=== Work to be completed ===
Entries follow. Give back exactly the lines starting at the one containing "収納力豊富なウォークインクロ" and ending at the one containing "2024 Mercedes-Benz Sprinter Base", and no other lines.

=== Working data ===
<<<<
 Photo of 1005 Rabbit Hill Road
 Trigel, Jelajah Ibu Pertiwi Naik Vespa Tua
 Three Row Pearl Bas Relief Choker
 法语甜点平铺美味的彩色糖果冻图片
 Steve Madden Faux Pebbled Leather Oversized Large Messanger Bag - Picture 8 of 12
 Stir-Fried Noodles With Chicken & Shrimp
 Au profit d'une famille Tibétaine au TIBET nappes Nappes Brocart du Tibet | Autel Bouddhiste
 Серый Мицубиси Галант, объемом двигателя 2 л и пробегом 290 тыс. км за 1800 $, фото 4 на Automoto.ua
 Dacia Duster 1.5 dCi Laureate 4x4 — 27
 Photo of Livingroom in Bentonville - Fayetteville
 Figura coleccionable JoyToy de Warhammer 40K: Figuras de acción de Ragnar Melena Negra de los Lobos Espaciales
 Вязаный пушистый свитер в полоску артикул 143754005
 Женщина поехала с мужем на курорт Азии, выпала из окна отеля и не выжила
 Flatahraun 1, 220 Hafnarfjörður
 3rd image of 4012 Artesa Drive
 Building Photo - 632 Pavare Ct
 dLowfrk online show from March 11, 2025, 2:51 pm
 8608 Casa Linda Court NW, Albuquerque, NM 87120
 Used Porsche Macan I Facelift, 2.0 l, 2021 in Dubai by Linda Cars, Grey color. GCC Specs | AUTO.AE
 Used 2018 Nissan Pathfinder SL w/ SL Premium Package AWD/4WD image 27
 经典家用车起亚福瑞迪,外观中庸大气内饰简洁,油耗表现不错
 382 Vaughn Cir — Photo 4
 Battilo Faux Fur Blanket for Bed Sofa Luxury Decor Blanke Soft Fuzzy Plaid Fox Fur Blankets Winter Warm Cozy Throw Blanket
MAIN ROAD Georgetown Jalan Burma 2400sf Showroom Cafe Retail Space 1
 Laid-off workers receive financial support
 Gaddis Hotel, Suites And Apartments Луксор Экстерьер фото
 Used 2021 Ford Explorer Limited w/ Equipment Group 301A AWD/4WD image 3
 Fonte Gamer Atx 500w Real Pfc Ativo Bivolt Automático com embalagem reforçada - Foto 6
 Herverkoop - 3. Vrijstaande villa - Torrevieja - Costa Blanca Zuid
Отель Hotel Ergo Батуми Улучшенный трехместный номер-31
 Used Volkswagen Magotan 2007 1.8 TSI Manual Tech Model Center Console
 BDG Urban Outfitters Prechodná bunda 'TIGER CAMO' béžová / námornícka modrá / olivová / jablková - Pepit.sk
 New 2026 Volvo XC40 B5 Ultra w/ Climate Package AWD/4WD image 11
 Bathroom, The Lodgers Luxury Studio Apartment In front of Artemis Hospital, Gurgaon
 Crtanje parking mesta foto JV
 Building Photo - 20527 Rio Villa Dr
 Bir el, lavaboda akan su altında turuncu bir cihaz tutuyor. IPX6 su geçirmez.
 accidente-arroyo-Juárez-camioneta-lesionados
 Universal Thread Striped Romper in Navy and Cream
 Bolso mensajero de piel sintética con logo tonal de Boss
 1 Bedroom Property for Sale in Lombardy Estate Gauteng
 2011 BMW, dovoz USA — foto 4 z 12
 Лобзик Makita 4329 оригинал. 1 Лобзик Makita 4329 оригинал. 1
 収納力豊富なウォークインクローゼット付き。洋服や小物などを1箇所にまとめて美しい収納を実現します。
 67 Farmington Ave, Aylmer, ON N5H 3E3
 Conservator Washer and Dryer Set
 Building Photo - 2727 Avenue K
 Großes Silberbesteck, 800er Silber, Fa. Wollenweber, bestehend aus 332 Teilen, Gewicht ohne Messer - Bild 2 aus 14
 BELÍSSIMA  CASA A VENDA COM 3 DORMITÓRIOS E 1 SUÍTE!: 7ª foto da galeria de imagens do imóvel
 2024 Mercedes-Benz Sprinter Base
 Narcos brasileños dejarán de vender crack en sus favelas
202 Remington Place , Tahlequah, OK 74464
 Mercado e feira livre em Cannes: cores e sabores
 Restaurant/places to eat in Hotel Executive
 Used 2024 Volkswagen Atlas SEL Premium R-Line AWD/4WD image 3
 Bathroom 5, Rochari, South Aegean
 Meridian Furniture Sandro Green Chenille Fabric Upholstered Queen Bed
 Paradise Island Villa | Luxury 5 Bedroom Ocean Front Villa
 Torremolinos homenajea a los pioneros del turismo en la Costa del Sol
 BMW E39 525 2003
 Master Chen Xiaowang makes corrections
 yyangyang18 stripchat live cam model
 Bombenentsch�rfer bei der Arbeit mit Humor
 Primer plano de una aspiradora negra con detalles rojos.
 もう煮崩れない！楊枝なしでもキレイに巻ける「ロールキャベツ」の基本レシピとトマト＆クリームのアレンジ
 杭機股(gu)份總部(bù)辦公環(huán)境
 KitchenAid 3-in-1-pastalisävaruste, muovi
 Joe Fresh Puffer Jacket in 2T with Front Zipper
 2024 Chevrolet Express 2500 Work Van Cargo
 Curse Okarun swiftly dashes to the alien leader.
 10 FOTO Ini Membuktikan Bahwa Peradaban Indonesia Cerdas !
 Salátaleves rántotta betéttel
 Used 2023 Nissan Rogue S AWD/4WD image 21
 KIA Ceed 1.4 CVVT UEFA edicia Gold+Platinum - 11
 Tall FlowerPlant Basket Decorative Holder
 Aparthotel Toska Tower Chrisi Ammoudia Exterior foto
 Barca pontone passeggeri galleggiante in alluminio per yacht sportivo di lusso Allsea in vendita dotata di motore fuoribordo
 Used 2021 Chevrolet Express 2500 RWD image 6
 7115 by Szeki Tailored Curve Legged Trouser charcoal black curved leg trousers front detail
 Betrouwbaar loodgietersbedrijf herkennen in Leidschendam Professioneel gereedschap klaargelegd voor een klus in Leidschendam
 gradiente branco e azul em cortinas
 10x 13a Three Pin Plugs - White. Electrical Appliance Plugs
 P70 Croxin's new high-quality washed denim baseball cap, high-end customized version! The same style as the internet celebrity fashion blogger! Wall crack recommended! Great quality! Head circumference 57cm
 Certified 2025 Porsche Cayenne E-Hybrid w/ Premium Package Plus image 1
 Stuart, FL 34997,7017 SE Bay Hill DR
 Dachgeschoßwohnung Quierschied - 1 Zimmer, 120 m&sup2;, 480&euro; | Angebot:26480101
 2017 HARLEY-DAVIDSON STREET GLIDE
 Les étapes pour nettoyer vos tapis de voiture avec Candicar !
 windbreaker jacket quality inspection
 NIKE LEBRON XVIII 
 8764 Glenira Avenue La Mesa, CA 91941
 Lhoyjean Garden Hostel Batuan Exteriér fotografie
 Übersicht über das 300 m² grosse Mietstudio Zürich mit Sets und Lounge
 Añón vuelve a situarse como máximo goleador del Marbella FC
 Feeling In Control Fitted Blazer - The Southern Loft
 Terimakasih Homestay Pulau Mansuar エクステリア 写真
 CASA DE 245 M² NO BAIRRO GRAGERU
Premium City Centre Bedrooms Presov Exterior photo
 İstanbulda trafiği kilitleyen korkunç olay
>>>>
=== Your response ===
 収納力豊富なウォークインクローゼット付き。洋服や小物などを1箇所にまとめて美しい収納を実現します。
 67 Farmington Ave, Aylmer, ON N5H 3E3
 Conservator Washer and Dryer Set
 Building Photo - 2727 Avenue K
 Großes Silberbesteck, 800er Silber, Fa. Wollenweber, bestehend aus 332 Teilen, Gewicht ohne Messer - Bild 2 aus 14
 BELÍSSIMA  CASA A VENDA COM 3 DORMITÓRIOS E 1 SUÍTE!: 7ª foto da galeria de imagens do imóvel
 2024 Mercedes-Benz Sprinter Base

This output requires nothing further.